▸ **What to do**
What follows is a block of records; restate each one word for word.

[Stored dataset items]
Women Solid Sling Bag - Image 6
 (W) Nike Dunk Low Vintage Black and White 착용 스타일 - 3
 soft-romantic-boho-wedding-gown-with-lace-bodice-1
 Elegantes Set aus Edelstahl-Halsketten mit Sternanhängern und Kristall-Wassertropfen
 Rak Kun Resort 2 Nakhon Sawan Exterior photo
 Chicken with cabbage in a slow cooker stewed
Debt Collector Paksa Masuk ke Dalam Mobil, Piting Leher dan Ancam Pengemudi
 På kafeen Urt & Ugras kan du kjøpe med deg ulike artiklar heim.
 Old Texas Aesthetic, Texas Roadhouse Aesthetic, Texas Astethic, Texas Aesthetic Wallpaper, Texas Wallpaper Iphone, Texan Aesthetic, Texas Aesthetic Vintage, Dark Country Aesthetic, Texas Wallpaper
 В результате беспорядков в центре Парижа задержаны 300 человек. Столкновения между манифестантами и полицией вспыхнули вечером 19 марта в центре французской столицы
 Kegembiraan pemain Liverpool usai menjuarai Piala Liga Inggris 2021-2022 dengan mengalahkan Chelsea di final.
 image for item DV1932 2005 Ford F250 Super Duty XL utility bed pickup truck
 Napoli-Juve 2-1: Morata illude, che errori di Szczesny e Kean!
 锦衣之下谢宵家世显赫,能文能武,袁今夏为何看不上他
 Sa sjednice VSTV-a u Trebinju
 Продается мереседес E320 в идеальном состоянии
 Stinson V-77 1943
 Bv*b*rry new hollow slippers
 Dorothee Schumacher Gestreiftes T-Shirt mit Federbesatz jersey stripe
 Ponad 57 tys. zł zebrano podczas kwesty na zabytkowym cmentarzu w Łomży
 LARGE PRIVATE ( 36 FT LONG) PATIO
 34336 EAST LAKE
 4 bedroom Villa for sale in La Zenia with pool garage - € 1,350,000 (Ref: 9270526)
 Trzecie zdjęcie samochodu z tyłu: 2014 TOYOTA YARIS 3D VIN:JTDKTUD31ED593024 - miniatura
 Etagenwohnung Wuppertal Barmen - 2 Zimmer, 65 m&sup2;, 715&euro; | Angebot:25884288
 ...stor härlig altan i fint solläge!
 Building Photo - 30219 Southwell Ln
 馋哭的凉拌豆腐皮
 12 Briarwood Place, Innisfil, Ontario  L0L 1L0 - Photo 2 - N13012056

▸ **Task solution**
Women Solid Sling Bag - Image 6
 (W) Nike Dunk Low Vintage Black and White 착용 스타일 - 3
 soft-romantic-boho-wedding-gown-with-lace-bodice-1
 Elegantes Set aus Edelstahl-Halsketten mit Sternanhängern und Kristall-Wassertropfen
 Rak Kun Resort 2 Nakhon Sawan Exterior photo
 Chicken with cabbage in a slow cooker stewed
Debt Collector Paksa Masuk ke Dalam Mobil, Piting Leher dan Ancam Pengemudi
 På kafeen Urt & Ugras kan du kjøpe med deg ulike artiklar heim.
 Old Texas Aesthetic, Texas Roadhouse Aesthetic, Texas Astethic, Texas Aesthetic Wallpaper, Texas Wallpaper Iphone, Texan Aesthetic, Texas Aesthetic Vintage, Dark Country Aesthetic, Texas Wallpaper
 В результате беспорядков в центре Парижа задержаны 300 человек. Столкновения между манифестантами и полицией вспыхнули вечером 19 марта в центре французской столицы
 Kegembiraan pemain Liverpool usai menjuarai Piala Liga Inggris 2021-2022 dengan mengalahkan Chelsea di final.
 image for item DV1932 2005 Ford F250 Super Duty XL utility bed pickup truck
 Napoli-Juve 2-1: Morata illude, che errori di Szczesny e Kean!
 锦衣之下谢宵家世显赫,能文能武,袁今夏为何看不上他
 Sa sjednice VSTV-a u Trebinju
 Продается мереседес E320 в идеальном состоянии
 Stinson V-77 1943
 Bv*b*rry new hollow slippers
 Dorothee Schumacher Gestreiftes T-Shirt mit Federbesatz jersey stripe
 Ponad 57 tys. zł zebrano podczas kwesty na zabytkowym cmentarzu w Łomży
 LARGE PRIVATE ( 36 FT LONG) PATIO
 34336 EAST LAKE
 4 bedroom Villa for sale in La Zenia with pool garage - € 1,350,000 (Ref: 9270526)
 Trzecie zdjęcie samochodu z tyłu: 2014 TOYOTA YARIS 3D VIN:JTDKTUD31ED593024 - miniatura
 Etagenwohnung Wuppertal Barmen - 2 Zimmer, 65 m&sup2;, 715&euro; | Angebot:25884288
 ...stor härlig altan i fint solläge!
 Building Photo - 30219 Southwell Ln
 馋哭的凉拌豆腐皮
 12 Briarwood Place, Innisfil, Ontario  L0L 1L0 - Photo 2 - N13012056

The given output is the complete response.